- Opening Delimiter -
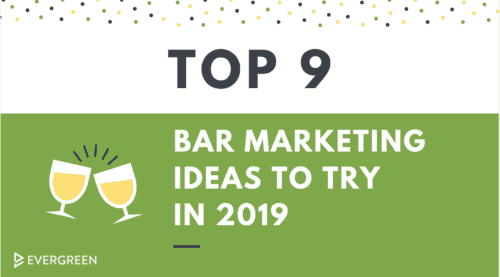 9 Bar Marketing Ideas to Try Now (If You Haven't Already)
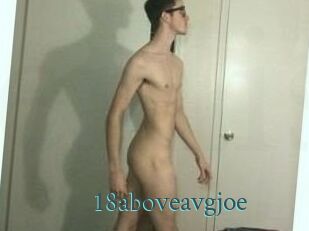 18aboveavgjoe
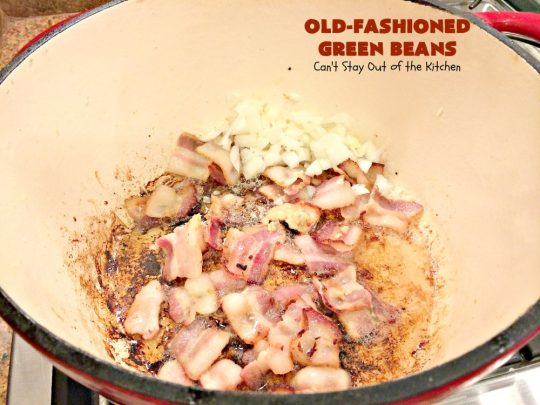 Old-Fashioned Green Beans | Can't Stay Out of the Kitchen | my Mom's simple & easy recipe. Her's is made with #bacon. Great side dish for family dinners, #FathersDay & other #holidays. #greenbeans #glutenfree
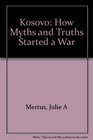 Kosovo How Myths and Truths Started a War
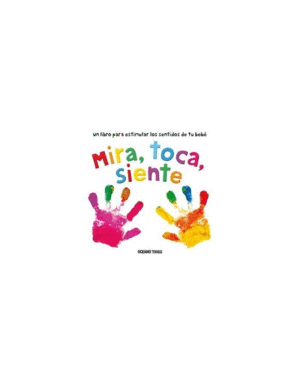 MIRA, TOCA, SIENTE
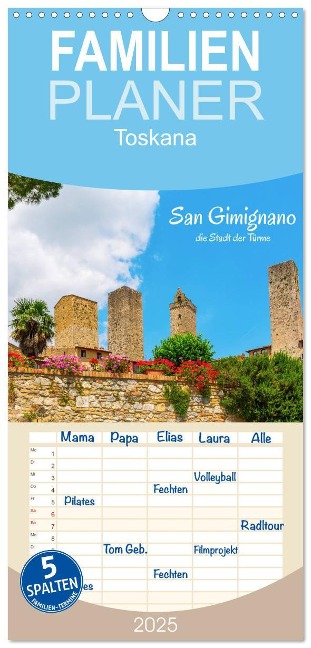 Familienplaner 2025 - San Gimignano, die Stadt der Türme mit 5 Spalten (Wandkalender, 21 x 45 cm) CALVENDO - Christian Müller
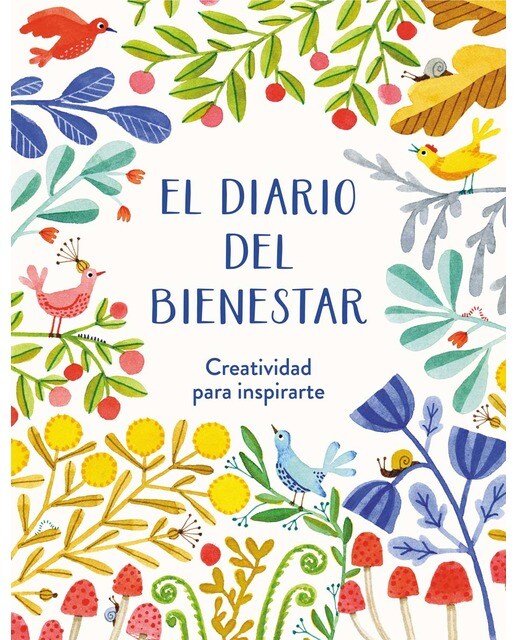 El diario del bienestar: Creatividad para inspirarte (Capa mole) 1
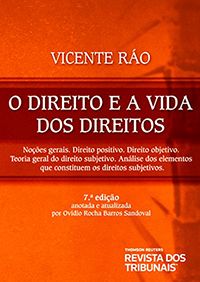 O Direito e a Vida dos Direitos 7ª Ed. (capa dura)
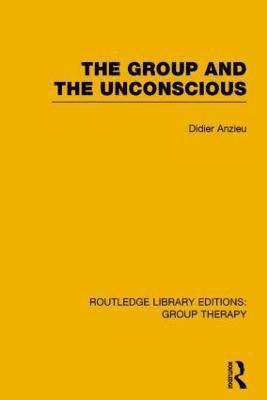 bokomslag The Group and the Unconscious (RLE: Group Therapy)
- Closing Delimiter -
■ **WORK ORDER**
Write out exactly the lines from the one containing "O Direito e" through the end of the records above, both included, leaving all pictures out.

■ **PROBLEM SOLUTION**
 O Direito e a Vida dos Direitos 7ª Ed. (capa dura)
 bokomslag The Group and the Unconscious (RLE: Group Therapy)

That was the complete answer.